- _TASK TO COMPLETE_
Only one stretch of the data below is wanted: the lines from the one with "lustre moderne à" through the one with "July Corn futures", repeated exactly.

- _DATASET RECORDS_

════════════════════

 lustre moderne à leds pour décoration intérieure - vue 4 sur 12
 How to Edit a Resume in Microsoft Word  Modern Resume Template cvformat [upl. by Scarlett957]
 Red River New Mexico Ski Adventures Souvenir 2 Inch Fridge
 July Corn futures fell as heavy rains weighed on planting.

════════════════════

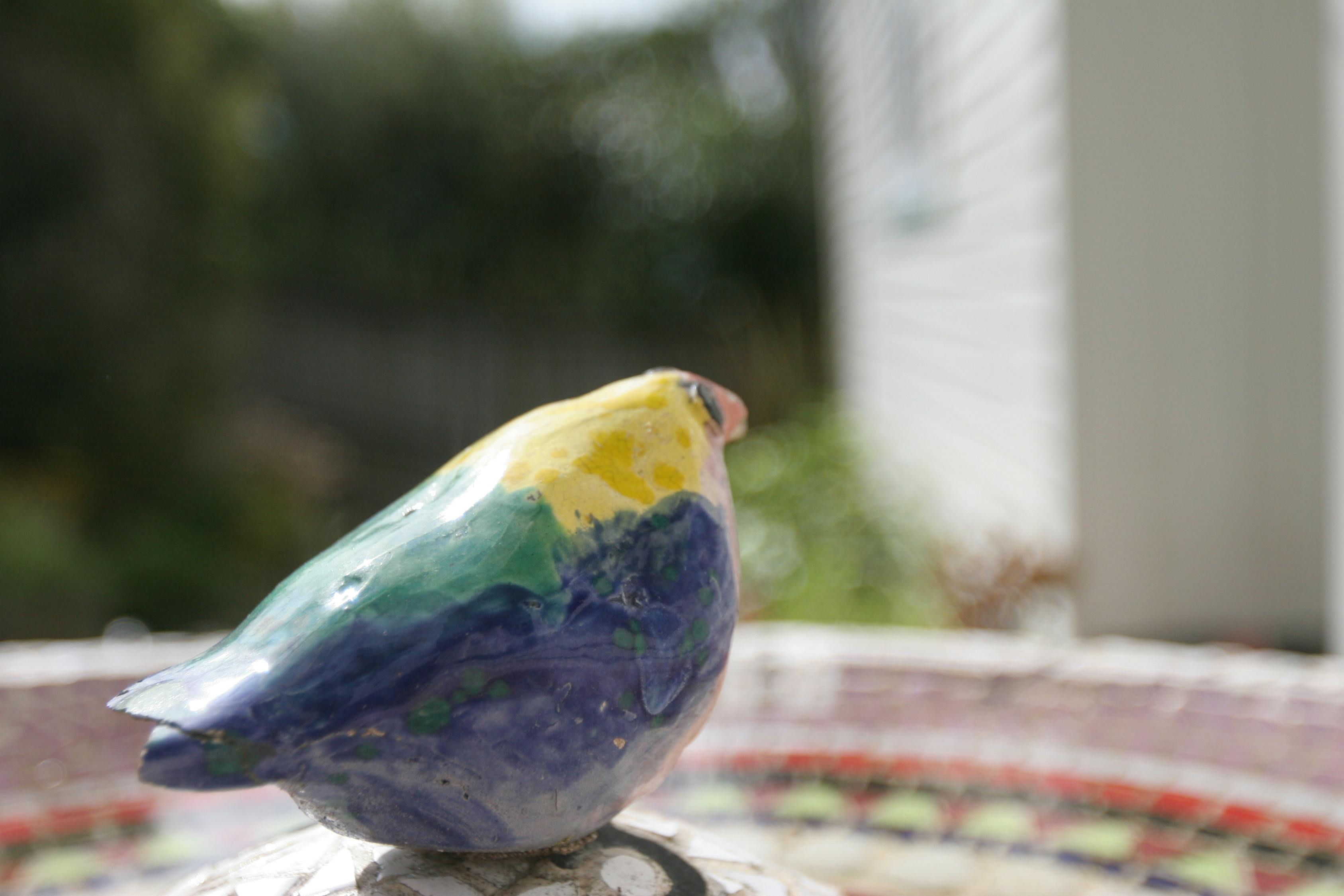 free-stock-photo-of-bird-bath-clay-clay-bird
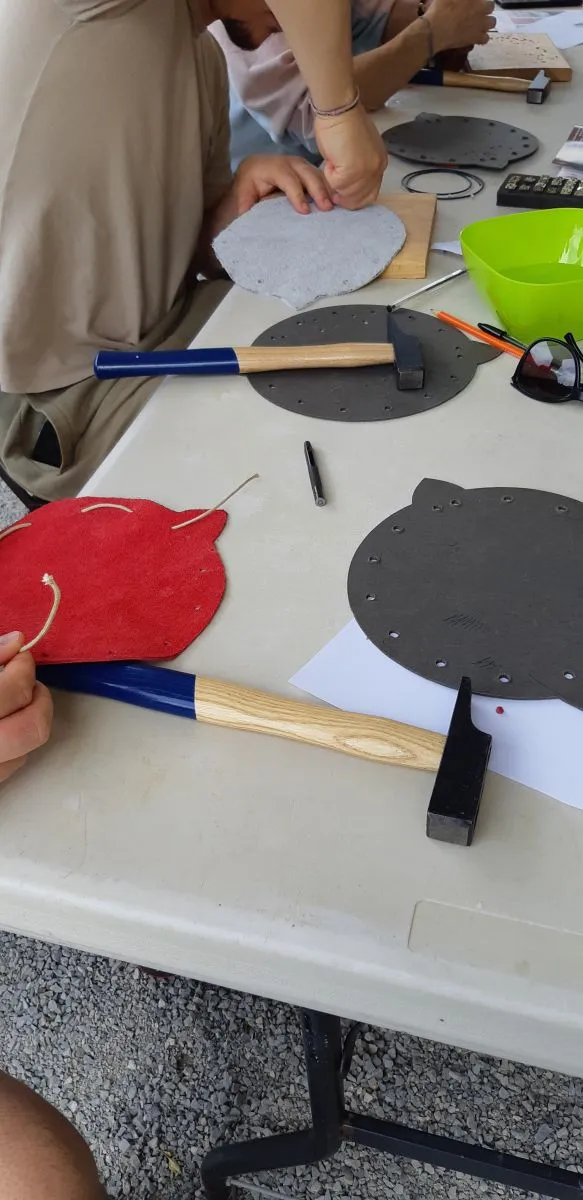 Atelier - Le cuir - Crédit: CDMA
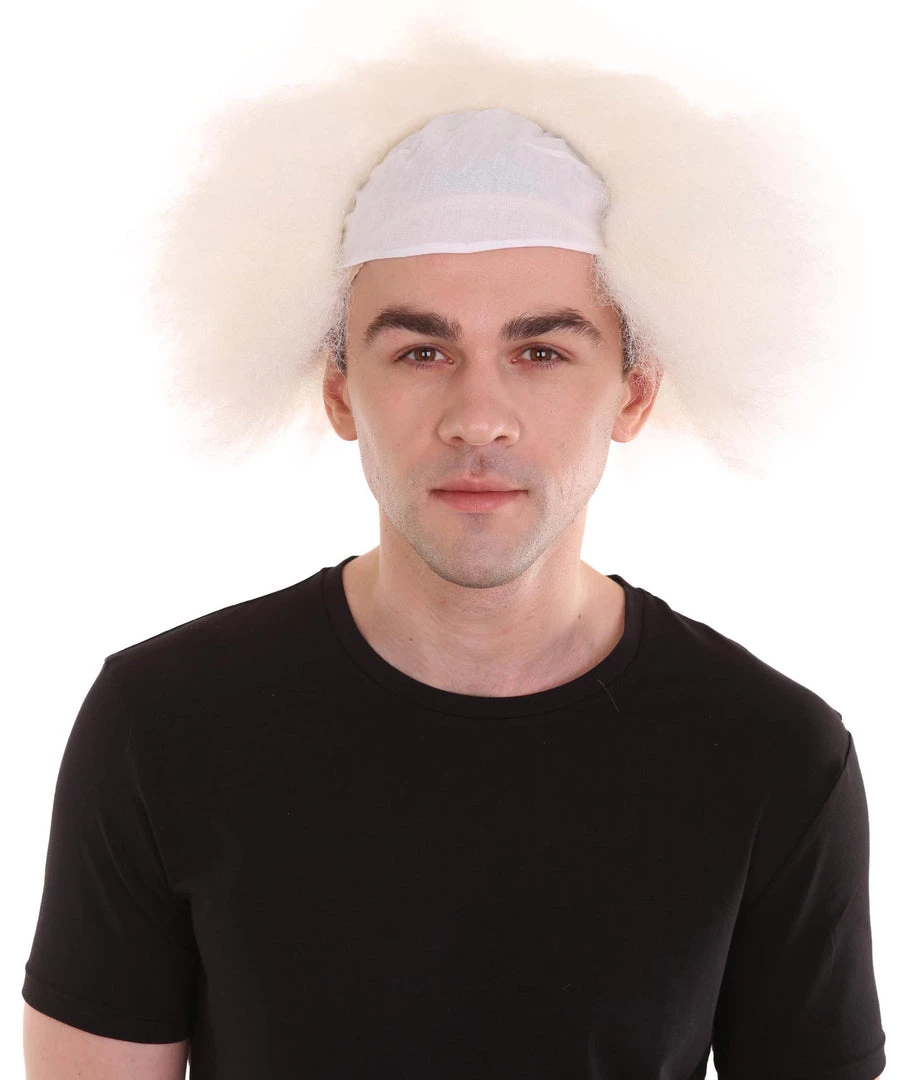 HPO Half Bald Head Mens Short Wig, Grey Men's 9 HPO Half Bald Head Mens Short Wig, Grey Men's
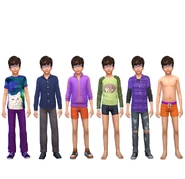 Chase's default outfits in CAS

════════════════════

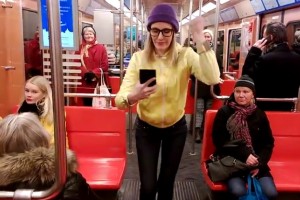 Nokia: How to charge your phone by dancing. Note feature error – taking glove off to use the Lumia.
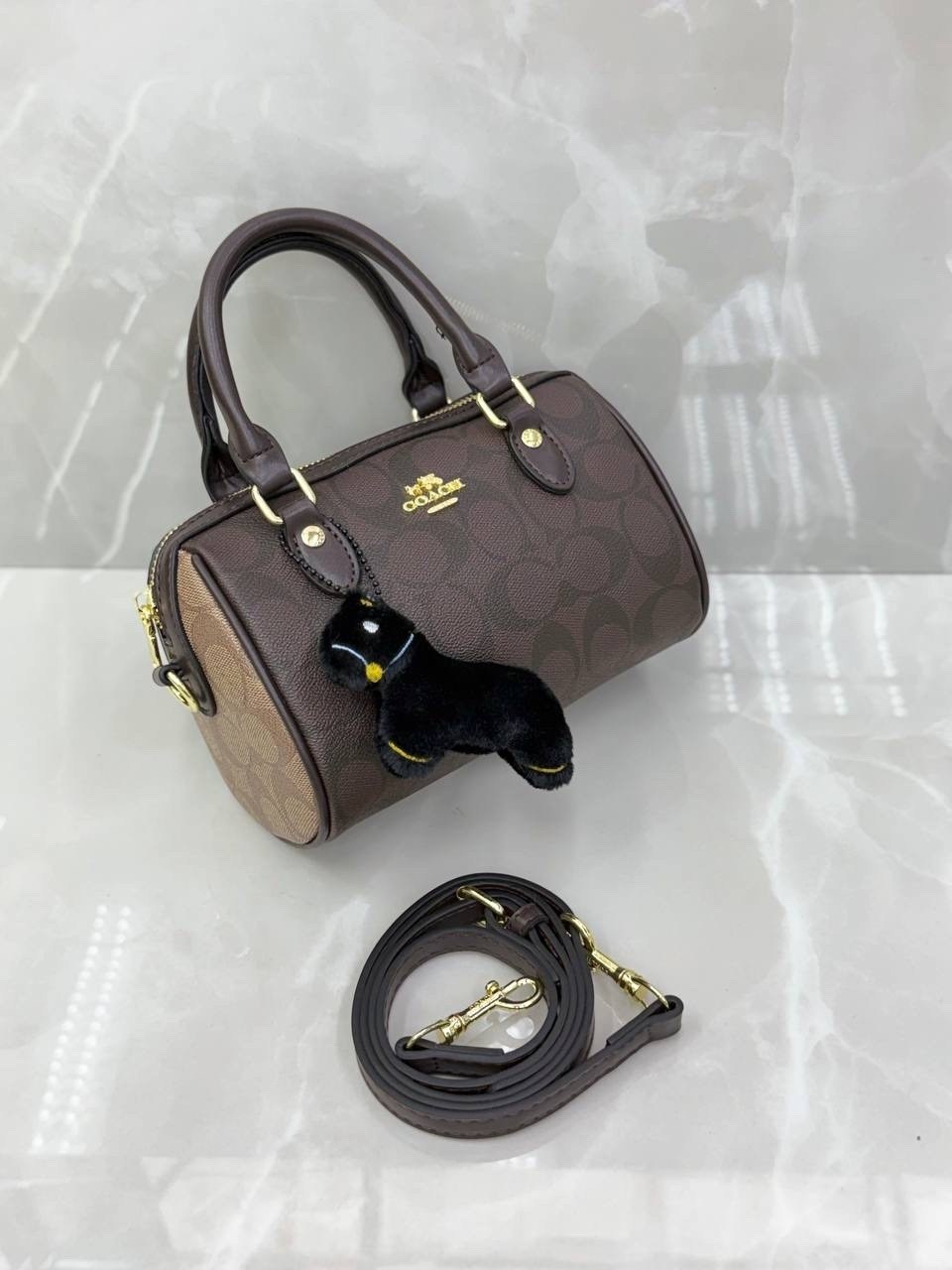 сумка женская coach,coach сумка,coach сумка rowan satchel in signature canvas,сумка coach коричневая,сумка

════════════════════

- _THE COMPLETED TASK_
 lustre moderne à leds pour décoration intérieure - vue 4 sur 12
 How to Edit a Resume in Microsoft Word  Modern Resume Template cvformat [upl. by Scarlett957]
 Red River New Mexico Ski Adventures Souvenir 2 Inch Fridge
 July Corn futures fell as heavy rains weighed on planting.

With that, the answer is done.